While LG, Panasonic and Philips have been looking to revolutionise the OLED arena, Sony has been focusing on RGB LED TV innovation
Japanese tech powerhouse Sony has lifted the lid on a new display system it believes will blaze a bright and colourful trail in TV manufacturing.
TVs such as the LG G5, Panasonic Z95B and Philips OLED+910 are using new Primary RGB Tandem OLED panels this year, but Sony has unveiled a new TV panel innovation using Mini LEDs.
Its new panel employs a high-density LED backlight alongside “independent drive” RGB LED technology, allowing each primary colour (red, green and blue) to emit light independently.
The result, Sony says, is high colour purity and vibrant wide colour gamut images, with the brand claiming its new system covers more than 99% of the DCI-P3 colour gamut and 90% of BT.2020. Those are some impressive numbers; the only TVs we’ve seen come close to that are flagship quantum dot OLEDs such as the Sony A95L and Samsung S95D.
Peak brightness levels are set to exceed what those two TVs are capable of, however.
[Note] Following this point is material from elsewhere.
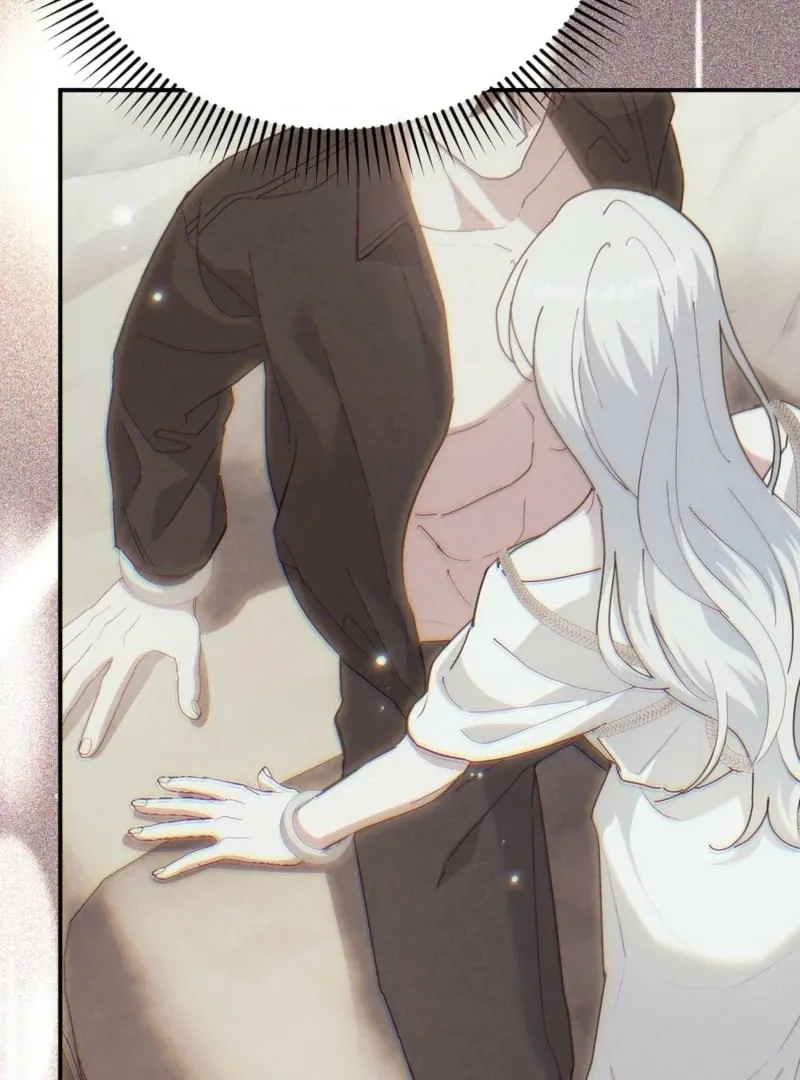 Read How to Melt a Hard Wall chapter 17 image 87 on Lezhin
According to the brand, its new display can pump out peaks of over 4,000cd/m². We’ve reviewed one telly that beats that – the Hisense UXN – but otherwise, most quantum dot Mini LED models peak somewhere between 2,000cd/m² and 3,500cd/m².

Sony’s new panel is equipped with proprietary backlight control technology to optimise performance for large screens. It’s able to allocate optimal power to each RGB channel on a scene-by-scene basis and, rather than simply concentrating light on the brightest on-screen elements, adjusts luminance in a way that minimises disruption to colour gradation. As a result, scenes comprising single tones should retain detail while still being incredibly bright.
Individual control of each RGB LED allows the system, which uses a MediaTek processor twice as powerful as conventional local dimming setups, to accurately render bright highlights and avoid black crush. This should make it an appealing display for cinephiles and Sony is placing a strong focus on retaining artistic intent. It says its backlight tech “enables faithful reproduction of delicate hues and subtle gradations of light across every corner of the display”. Music to film lovers’ ears.

Sony also says its new system has the advantage over OLED panels when it comes to reproducing colours with moderate brightness and saturation. It’s also claimed to deliver strong performance when watched from wide viewing angles thanks to 96-bit signal processing that minimises colour shift and brightness variation.
We don’t yet know the commercial form Sony’s new panel system will take, but it’s been confirmed that it will enter mass production this year. So we can expect to see it find its way into consumer televisions reasonably soon.
Sony is set to announce its full 2025 TV lineup early next month and we’ll be breaking down the full range as soon as we have details about it. It’s likely to roll a couple of models from last year over, but we’re excited to see what additions it’s making as the ever-engrossing battle for television supremacy heats up.